倶樂部余話【四】近ごろ嬉しかったこと 二題 (一九八八年十二月六日)


其ノ一。「静岡百選」という小冊子がある。昭和四十二年に「静岡でも『銀座百点』のようなものができないだろうか」という私の祖父、故野澤彌輔らの提案から創刊され、現在掲載店舗が三百三十店を数える、静岡で最も歴史ある月刊のミニコミ誌である。発行部数は三万部。ちょっとしたお店では店頭配布されているので、ご存じの方も多いのではなかろうか。

その表紙は、毎回美しい写真や絵画で飾られている。毎年正月号にはいいお店が集中して掲載されるとのことであるが、このたび、当店の店頭を描いた油絵がその正月号の表紙を飾ることになった。

しかも、この話はこちらから仕向けたことではないのである。いわゆる情報誌の中には広告と抱き合わせのヤラセ宣伝記事も多いのだが、今度の件については、発行者の「この店を取り上げたい」画家の「この店を描きたい」という衝動的な気持ちがきっかけだったといってよいだろう。

「――というお話なのですが、いかがでしょうか。
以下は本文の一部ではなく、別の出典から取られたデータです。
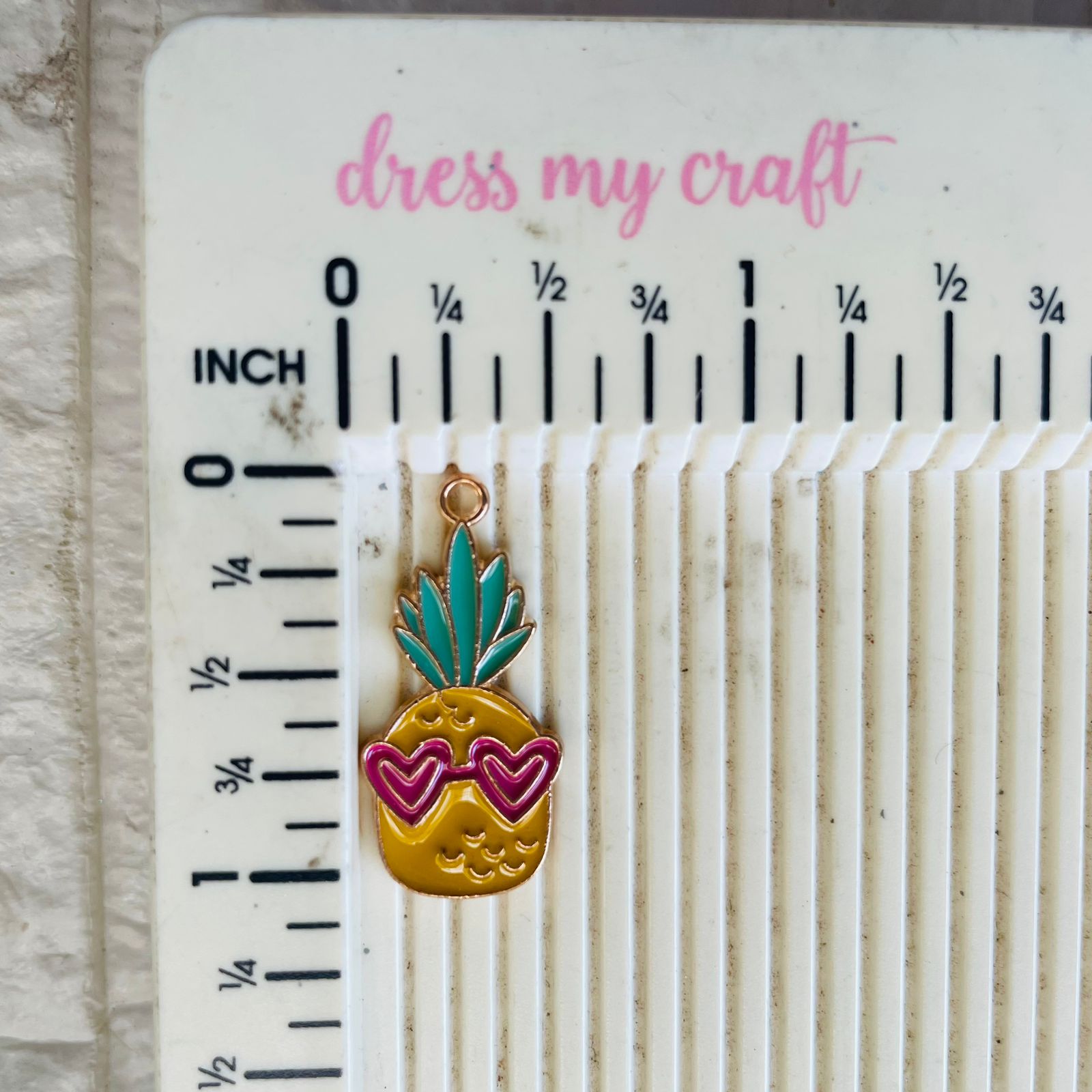 Pineapple With Google Charm (B)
」という発行の方の話を聞きながら、身体が震えてくるのが分かった。とても嬉しかった。老舗の店舗がズラリとある中で、開店一年余でこんな有り難いお話を戴けるとは。しかも私の祖父が創刊当時の仕掛人の一人であったと聞いては、感慨もひとしおである。

仕上がった油絵は店内に展示してある。小ぶりだが大変気に入っている。ぜひご覧いただきたい。また、ポストカード大にも印刷する予定なので、ギフトメッセージなどにも利用してもらえるだろう。

一月に、どこかでこの「静岡百選」を見かけたら、自慢気に話していただきたい。「このお店はね、―――」と。

今回お世話になった、発行者の田中美実さん、画家の大川晴広さんに、この場を借りて深い感謝の意を表したい。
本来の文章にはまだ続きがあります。